Wednesday, May 25, 2016

DHANSAK PARSI MEAT MAGIC BY SOUMYASHREE CHATTERJEE

(C). CAN STOCK PHOTO

As a foodie I have often travelled sniffing for that yum delicacy. Celebration and auspicious occasions tend to be marked by good food. A payasam or a biriyani or cakes for Christmas are typical examples of traditional food cooked and enjoyed during festivals. Even weddings, births and such auspicious occasions are celebrated with good food. But amidst the parsi community you come across a very traditional food that is prepared during the period of mourning, in fact to break the abstinence during mourning. In fact dhansak, which may be cooked as a normal dish in a parsi family is never ever prepared for any auspicious occasion in a parsi family. In fact dhansak is such a heavy dish that it was traditionally cooked only on Sundays so that a person could enjoy a siesta after such a filling meal.

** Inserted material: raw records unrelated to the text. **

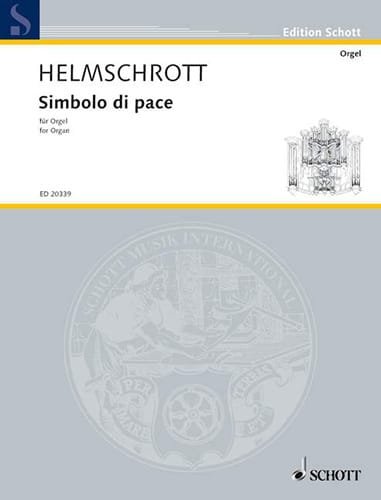 Simbolo di Pace - Robert Helmschrott - Partition - Orgue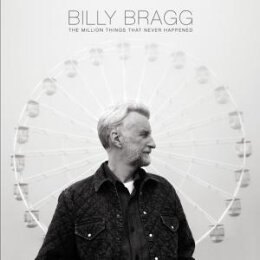 BRAGG, BILLY - THE MILLION THINGS THAT NEVER HAPPENED - CD
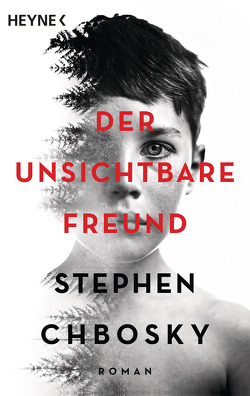 Der unsichtbare Freund von Chbosky,  Stephen, Mader,  Friedrich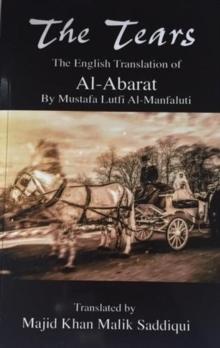 The Tears, The English Translation of Al-Abarat : Mustafa Lutfi Al-Manfaluti, Translated by Majid Khan Malik Saddiqui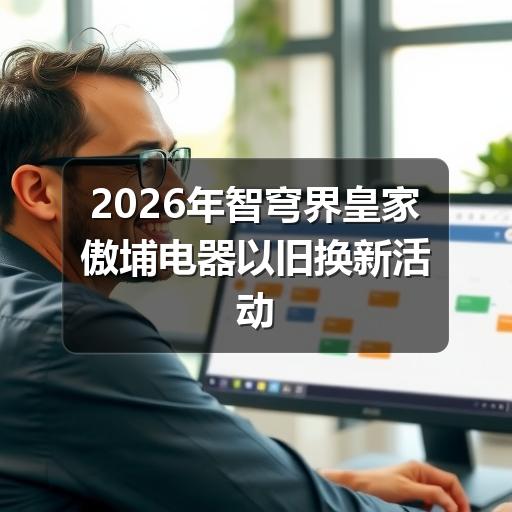 2026年智穹界皇家傲埔电器以旧换新活动全面启动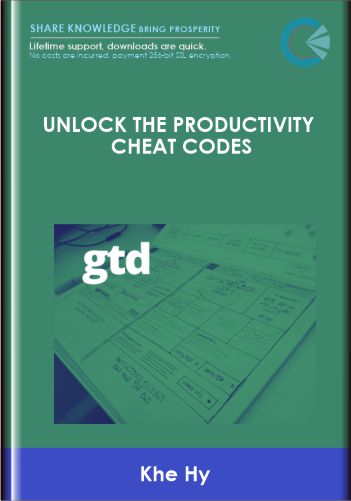 Unlock the Productivity Cheat Codes - Khe Hy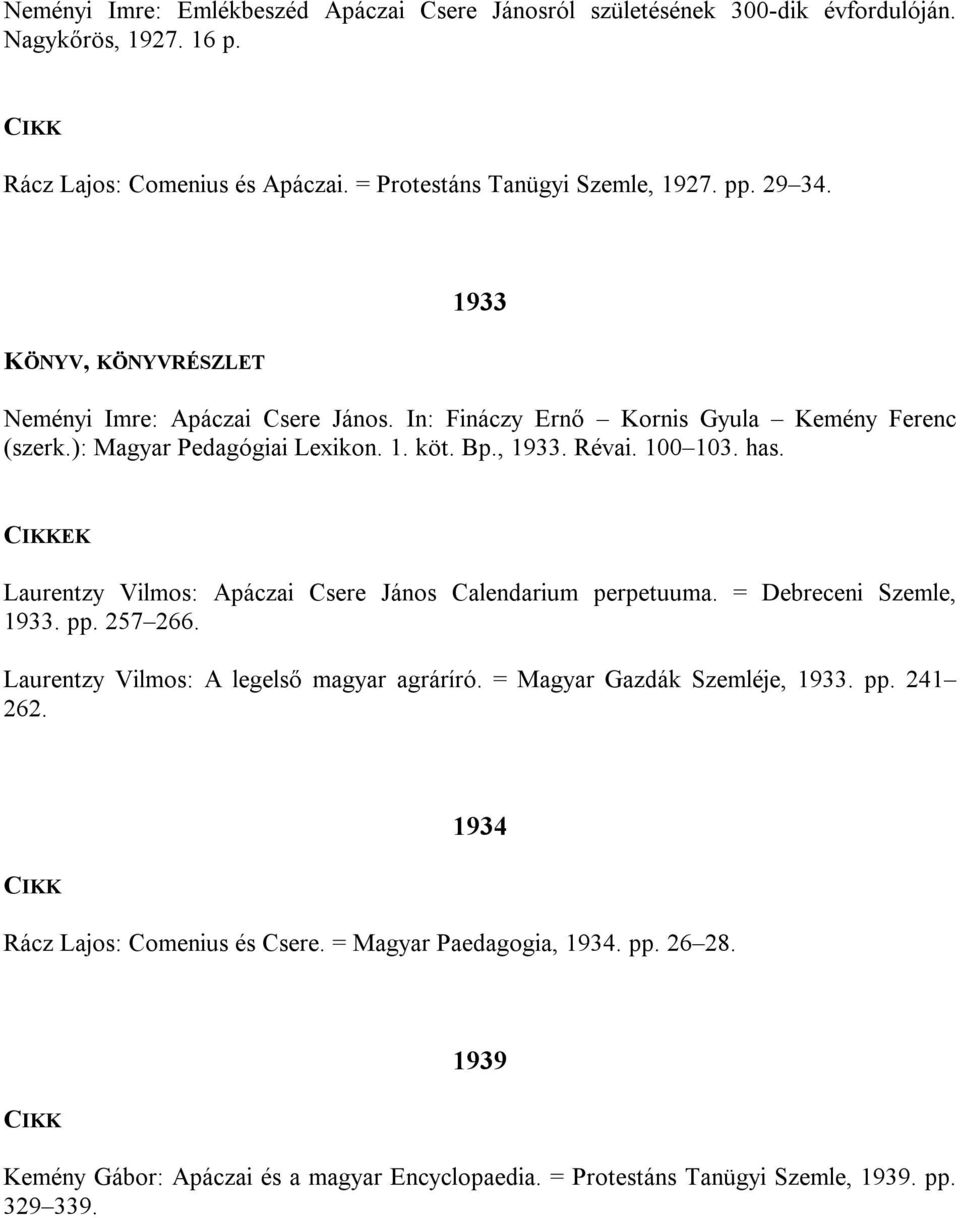 Laurentzy Vilmos: Apáczai Csere János Calendarium perpetuuma. = Debreceni Szemle, 1933. pp. 257 266. Laurentzy Vilmos: A legelső magyar agráríró. = Magyar Gazdák Szemléje, 1933.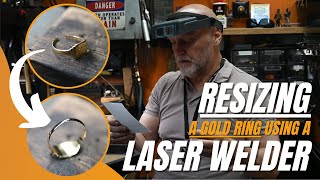 Resizing a GOLD RING using a LASER WELDER  PAUL PAINES WORKSHOP [upl. by Nilek829]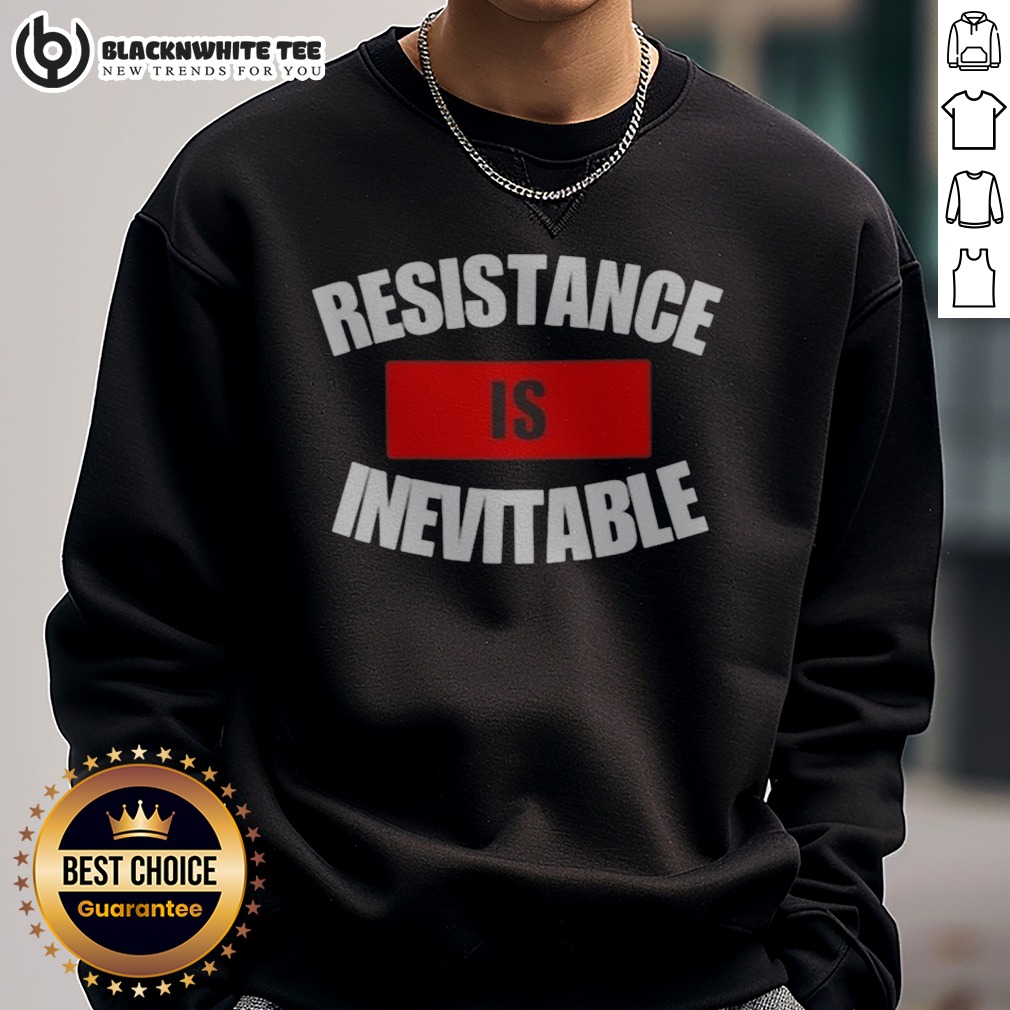 Good Resistance Is Inevitable Sweashirt Good Resistance Is Inevitable Sweatshirt showcasing a bold statement design in a cozy fit.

A fusion of traditional Zoroastrian cuisine influenced by gujarati elements, dhansak is essentially a mutton dish cooked with lentils and vegetables. It is traditionally had as a side dish with caramelized brown rice. It has a long preparation time and is absolutely unique in taste just like the community that prepares this dish.

Zoroastrians traditionally believe that fire and earth are the two most pure elements. Death and the subsequent contamination of the dead body by the corpse demon daeva, renders the dead body unsuitable to exposure to fire and earth. The body is thus presented to scavengers who feast of the body and then the bones are left to be bleached in the sun. Funeral procession to the tower where the body is left for scavengers is always accompanied by a dog, and this signifies a final act of charity by the dying whereby he offers his body as food to scavengers. There is a prescribed mourning of 4 days after this, where abstinence is prescribed. On the fourth day after a ritual bath and prayers and cleansing in the presence of the holy fire, the abstinence is broken. Dhansak is a food that is traditionally consumed to break this abstinence. Though vegetarian varieties are available today Dhansak is traditionally made with goat meat, and no other meat.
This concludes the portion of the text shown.